Shell was invited to play in the East-West Shrine game following his senior season.

Professional career
Coming out of college, Shell was projected by many analysts to be either a sixth or seventh round selection. He was ranked the 20th best offensive tackle out of the 108 available by NFLDraftScout.com.

New York Jets
Shell was selected in the fifth round with the 158th overall pick by the New York Jets in the 2016 NFL Draft. On May 7, 2016, the Jets signed Shell to a four-year, $2.91 million rookie contract with a signing bonus of $551,133.
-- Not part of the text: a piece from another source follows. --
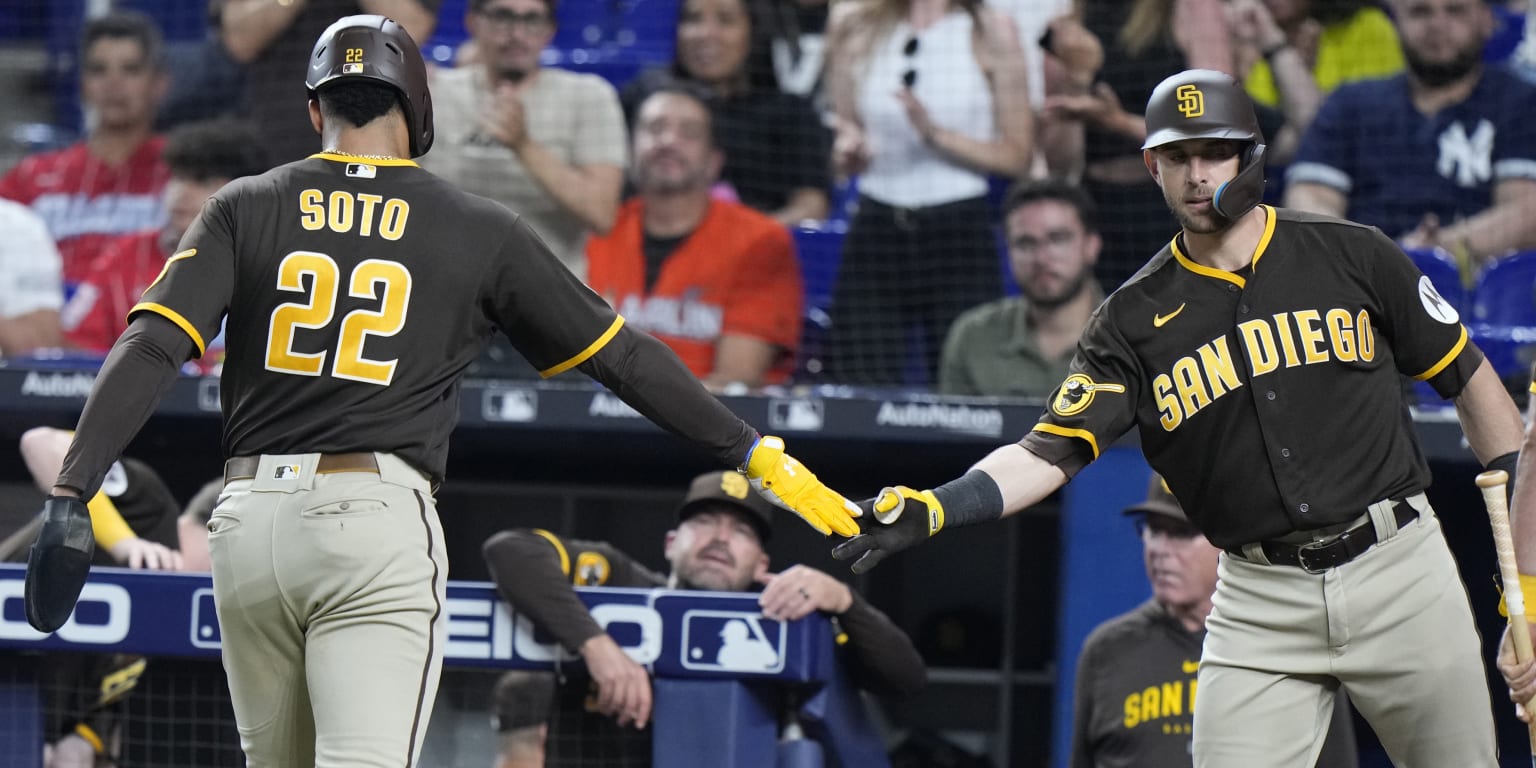 Padres rally past Marlins with five in ninth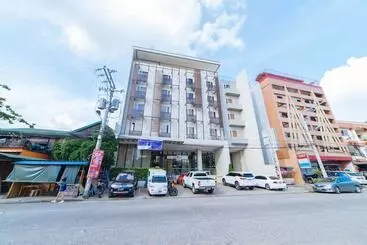 ホテル Reddoorz Plus @ Roxas Street Davao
Shell became a starter for the Jets in 2017, starting 12 games at right tackle, missing four games due to shoulder and neck injuries and a concussion.

In 2018, Shell started the first 14 games at right tackle before suffering a knee injury in Week 15. He was placed on injured reserve on December 19, 2018.

Seattle Seahawks
On March 24, 2020, Shell signed a two-year, $11 million contract with the Seattle Seahawks. He was placed on the reserve/COVID-19 list by the team on January 2, 2021, and activated three days later.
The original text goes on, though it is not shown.